* [REQUIREMENT]:
Word-for-word reproduction, images excluded: copy every entry below.

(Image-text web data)
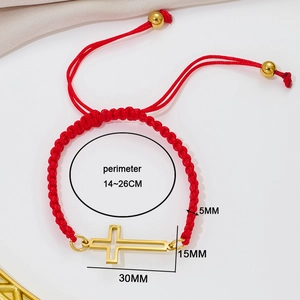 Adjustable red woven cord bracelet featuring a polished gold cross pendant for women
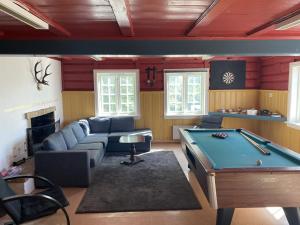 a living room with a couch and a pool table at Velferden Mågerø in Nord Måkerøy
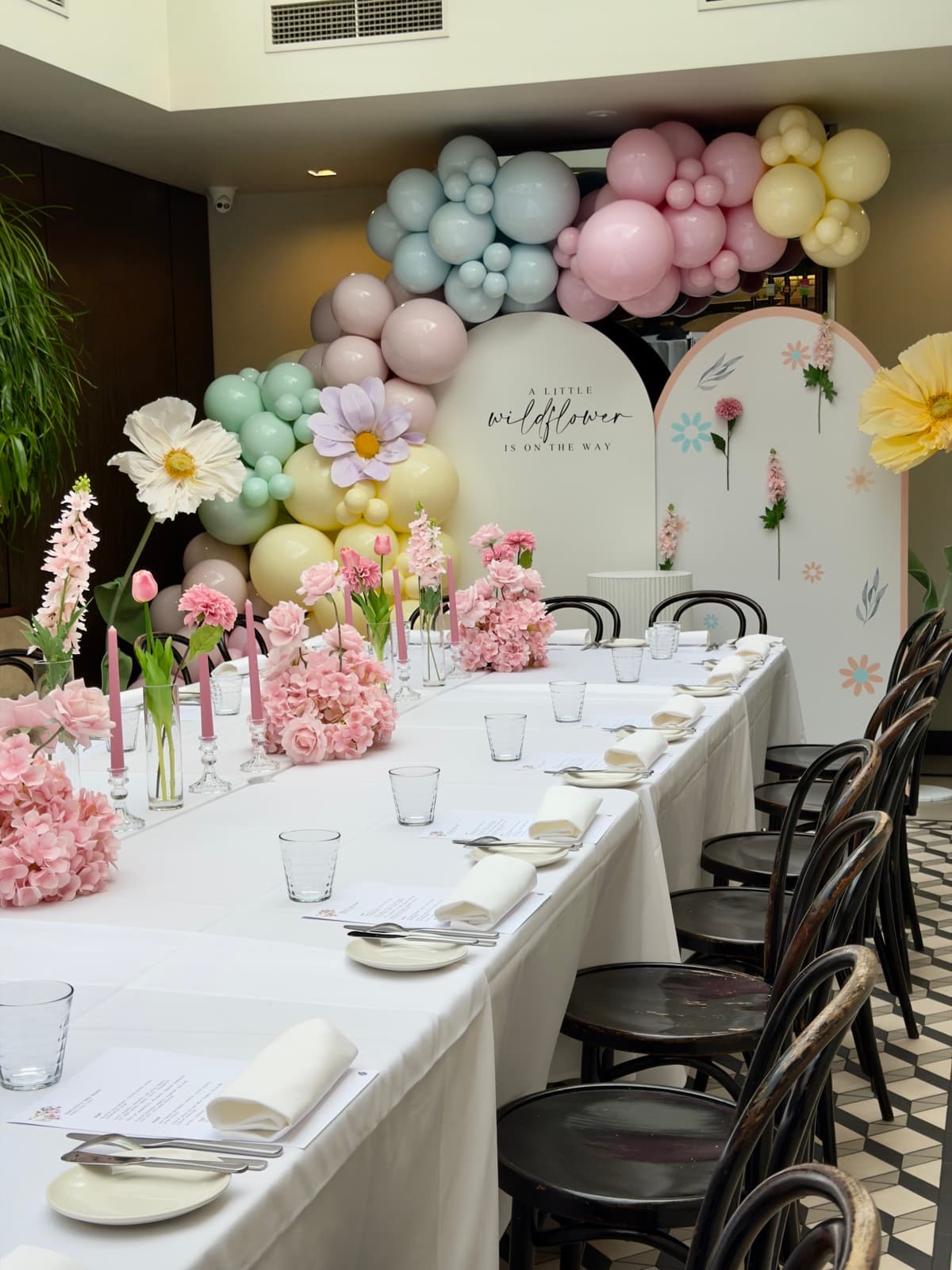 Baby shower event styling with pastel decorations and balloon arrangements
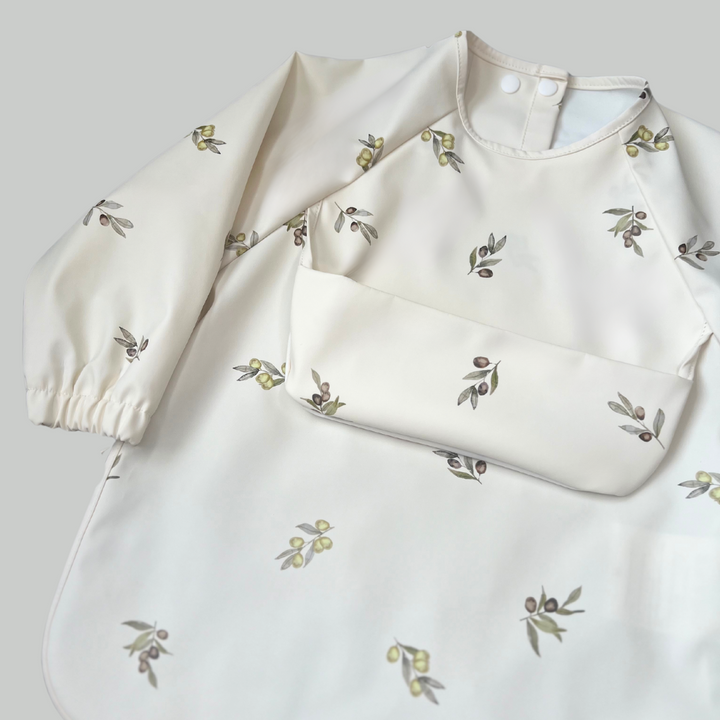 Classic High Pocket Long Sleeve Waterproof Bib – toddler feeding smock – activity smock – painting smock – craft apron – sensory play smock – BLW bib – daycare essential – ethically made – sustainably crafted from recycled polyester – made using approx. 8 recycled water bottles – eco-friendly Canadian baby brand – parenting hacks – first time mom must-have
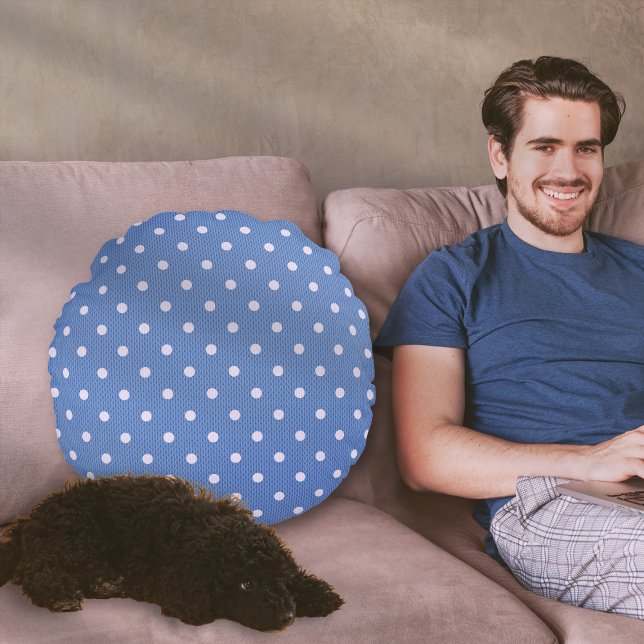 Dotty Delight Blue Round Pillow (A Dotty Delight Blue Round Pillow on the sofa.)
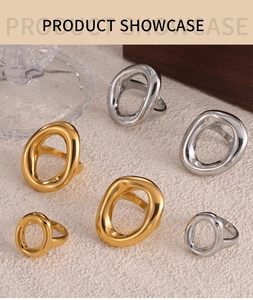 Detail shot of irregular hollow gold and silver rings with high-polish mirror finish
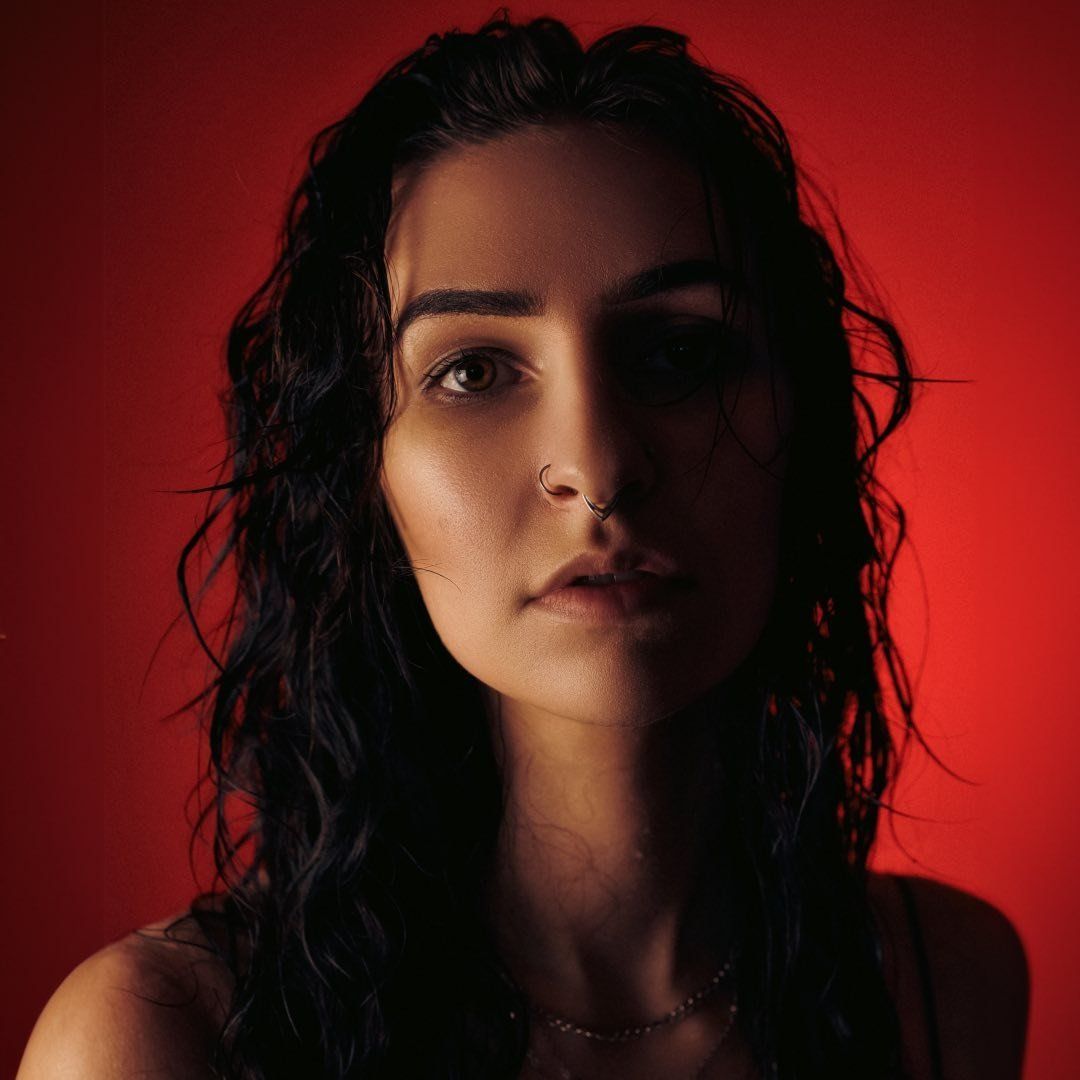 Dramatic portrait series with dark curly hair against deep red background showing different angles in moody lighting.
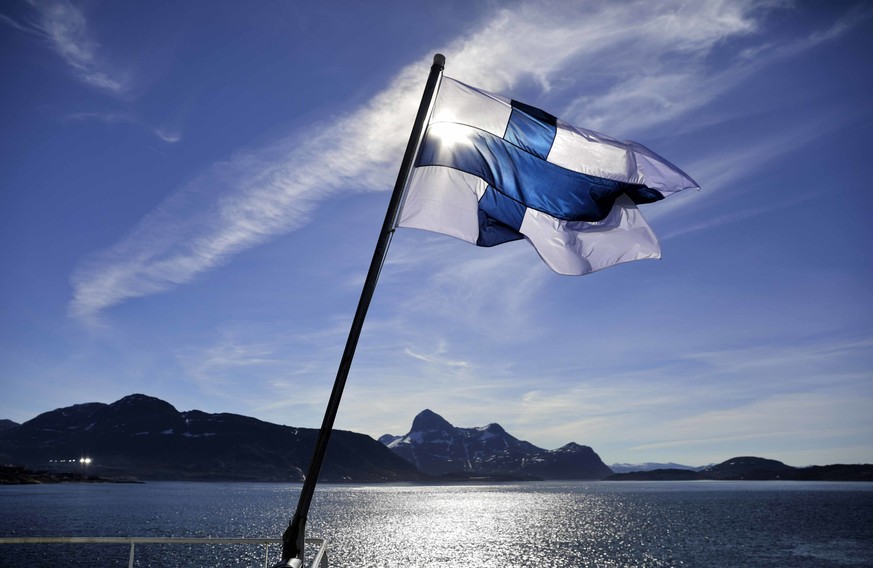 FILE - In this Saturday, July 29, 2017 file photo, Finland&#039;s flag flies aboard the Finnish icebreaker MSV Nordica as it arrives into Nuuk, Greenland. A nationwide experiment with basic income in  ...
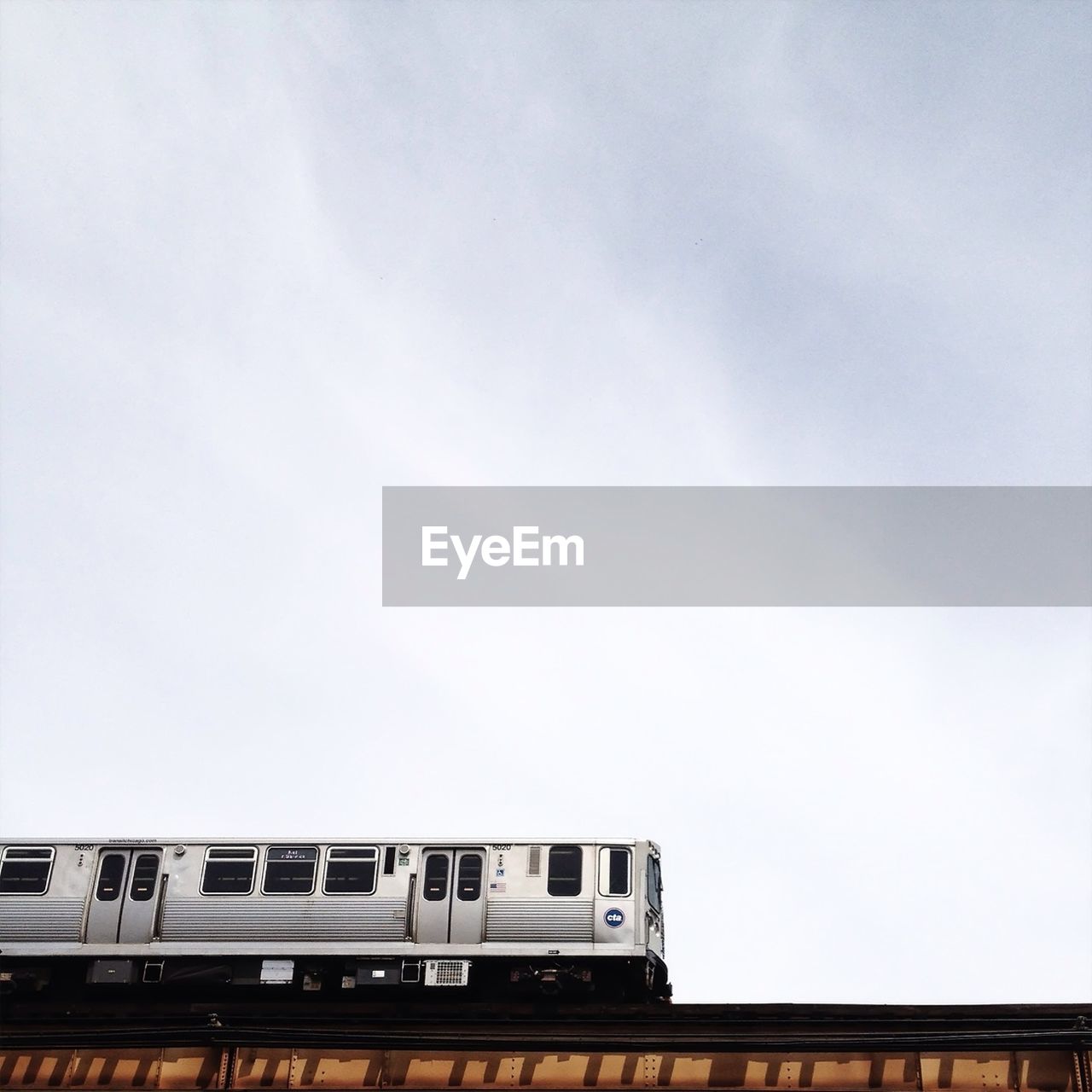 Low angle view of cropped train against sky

* [EXPECTED ANSWER]:
 Adjustable red woven cord bracelet featuring a polished gold cross pendant for women
 a living room with a couch and a pool table at Velferden Mågerø in Nord Måkerøy
 Baby shower event styling with pastel decorations and balloon arrangements
 Classic High Pocket Long Sleeve Waterproof Bib – toddler feeding smock – activity smock – painting smock – craft apron – sensory play smock – BLW bib – daycare essential – ethically made – sustainably crafted from recycled polyester – made using approx. 8 recycled water bottles – eco-friendly Canadian baby brand – parenting hacks – first time mom must-have
 Dotty Delight Blue Round Pillow (A Dotty Delight Blue Round Pillow on the sofa.)
 Detail shot of irregular hollow gold and silver rings with high-polish mirror finish
 Dramatic portrait series with dark curly hair against deep red background showing different angles in moody lighting.
 FILE - In this Saturday, July 29, 2017 file photo, Finland&#039;s flag flies aboard the Finnish icebreaker MSV Nordica as it arrives into Nuuk, Greenland. A nationwide experiment with basic income in  ...
 Low angle view of cropped train against sky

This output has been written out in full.